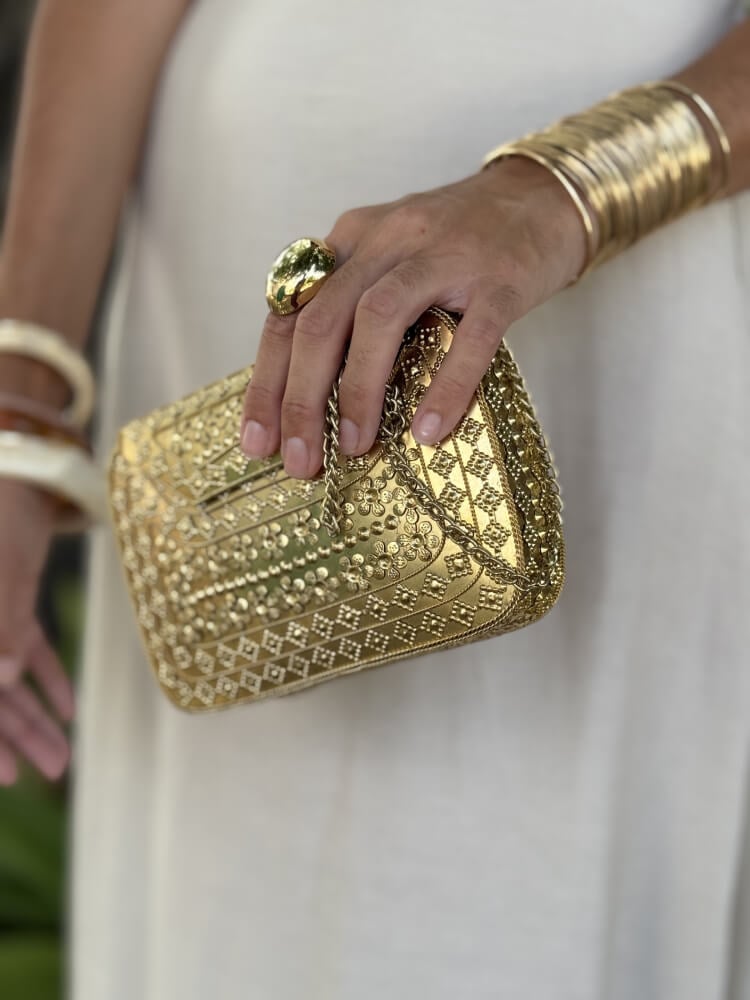Bolso Dorado De Latón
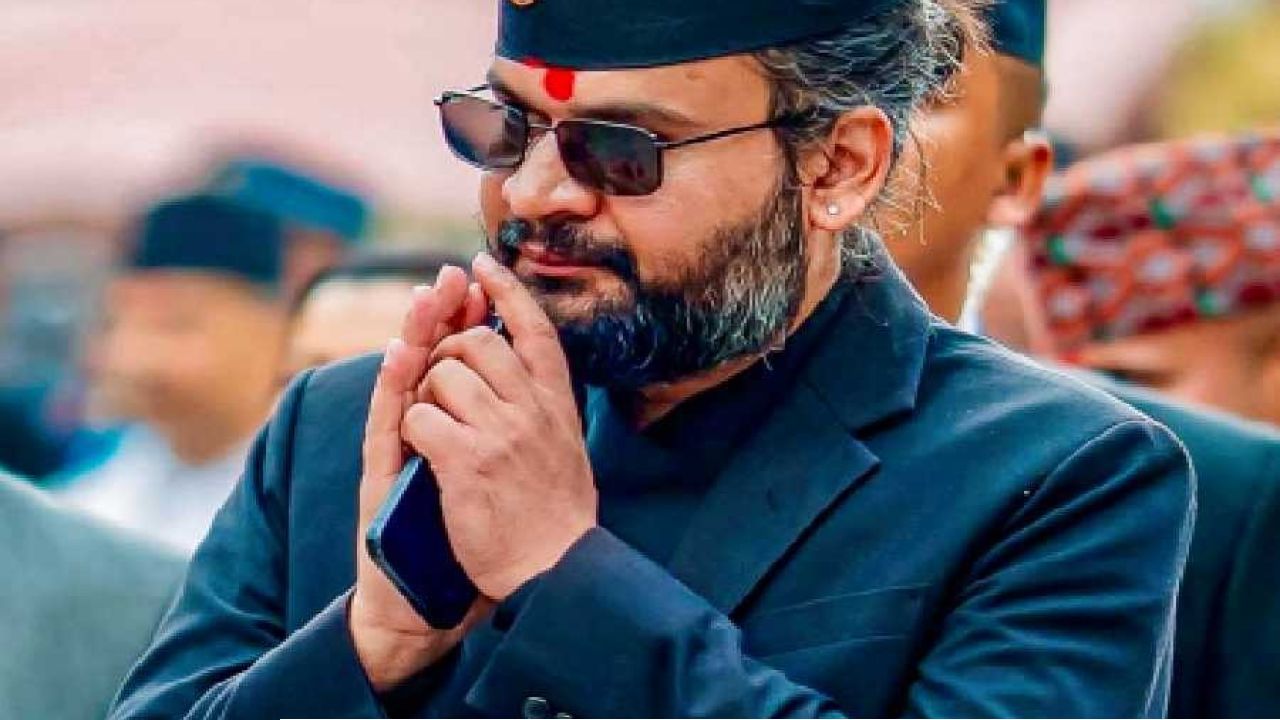 নেপালে ‘জেন-জি’ ঝড়! ওলি-প্রচণ্ডদের দুর্গ গুঁড়িয়ে নয়া প্রধানমন্ত্রী হতে চলেছেন ‘ভারত-বিদ্বেষী’ বালেন শাহ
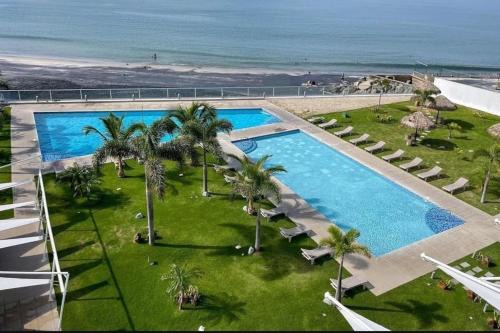 Nueva Gorgona Apartamento | Beachfront Apt with optional cook and airport pickup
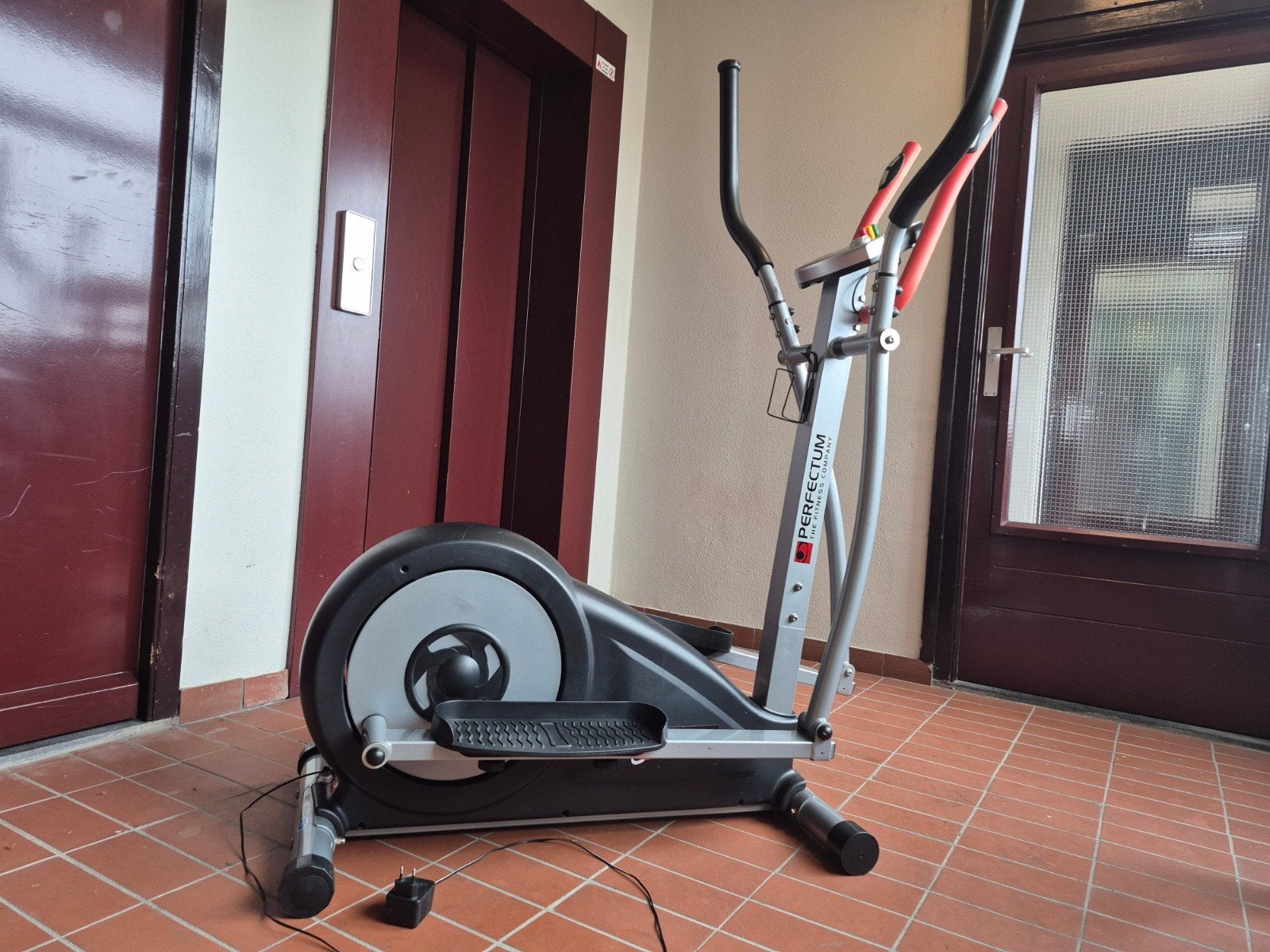 Crosstrainer Cardiotrainer hartslagfunctie USB programma's, Ophalen, Benen, Zo goed als nieuw, Crosstrainer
=======
Write out the data above precisely. Pictures stay out.

Bolso Dorado De Latón
 নেপালে ‘জেন-জি’ ঝড়! ওলি-প্রচণ্ডদের দুর্গ গুঁড়িয়ে নয়া প্রধানমন্ত্রী হতে চলেছেন ‘ভারত-বিদ্বেষী’ বালেন শাহ
 Nueva Gorgona Apartamento | Beachfront Apt with optional cook and airport pickup
 Crosstrainer Cardiotrainer hartslagfunctie USB programma's, Ophalen, Benen, Zo goed als nieuw, Crosstrainer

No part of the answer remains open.